Today’s salute to artists appearing on postage stamps of the world begins with Canadian painter Paul Kane (September 3, 1810 – February 20, 1871), known for his pictures of Native Americans. Kane had been born in Ireland to an Englishman in the Royal Horse Artillery. During Kane’s childhood the family relocated to Canada, ending up in Toronto (then known as York). When Kane was 26 he moved to Detroit and began traveling the American Midwest, making his living painting portraits until, in 1841, he was able to afford passage to Europe. He did not have formal training there, but did assiduously study the masters in museum settings in France, Italy, and London. Back in the U.S., Kane resumed painting portraits at his studio in Mobile, Alabama so as to pay off his debts for the European excursion. At last he returned home to York and began the voyages through the Canadian northwest that would result in his best known work. Kane would sketch in situ and paint oils back at York, often taking considerable liberties with details. Exhibitions of these pieces, both sketches and paintings, met with great success. He also produced a book with the mouthful title of The Wanderings of an Artist among the Indians of North America from Canada to Vancouver’s Island and Oregon through the Hudson’s Bay Company’s Territory and Back Again (1859). Toward the end of his life his eyesight failed to the extent that he had to give up painting. The Canadian stamp of 1971 shows his Indian Encampment on Lake Huron.

September 3rd is the birthday of 19th-century Costa Rican composer Manuel María Gutiérrez (though another source cites the 1st). Spanish- and Russian-language Wikipedia (there is no English-language equivalent) give out that he lived from 3 September 1829 to 25 December 1887. The website Guías Costa Rica, however— which includes a nice bio of the composer, says his birthday was 1 September.
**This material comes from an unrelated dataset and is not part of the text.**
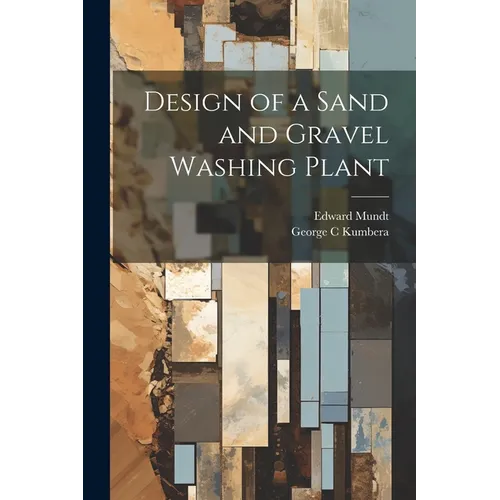 Design of a Sand and Gravel Washing Plant - Paperback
He played in the military band of his native town of Heredia from the age of 13 and was made director of the band in 1846, while still in his teens. Subsequently he was made general director of bands in all of Costa Rica, and it was in that year, 1853, that he wrote the national anthem of the country (new words were added in 1900). He wrote some forty works for band. A colorful anecdote exists about his march “Santa Rosa.” During the Filibuster War of the mid-1850s, Gutiérrez, an officer in the Costa Rican army, was working on composing the march when he heard the approach of enemy cavalry. He hid in a tree, and when the riders had passed, descended and completed writing his march.
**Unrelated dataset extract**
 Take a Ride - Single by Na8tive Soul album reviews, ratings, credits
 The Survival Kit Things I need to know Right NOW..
American architect Willoughby J. Edbrooke (3 September 1843 – 25 March 1896) was supervising architect for the U.S. Treasury Department in the years 1891-92 and in that short time initiated the design of at least forty buildings. He worked out of Chicago and made buildings for Notre Dame University, including the administration building with its golden dome, as seen on the later (1991) of two postal cards commemorating his Edbrooke’s work. The earlier one, from 1983, shows the Old Post Office Building in Washington, D.C. (1892–99), though on this project Edbrooke’s design was modified by no fewer than five other architects. Another of Edbrook’es creations was the Wheeler Opera House in Aspen, Colorado (1888–89).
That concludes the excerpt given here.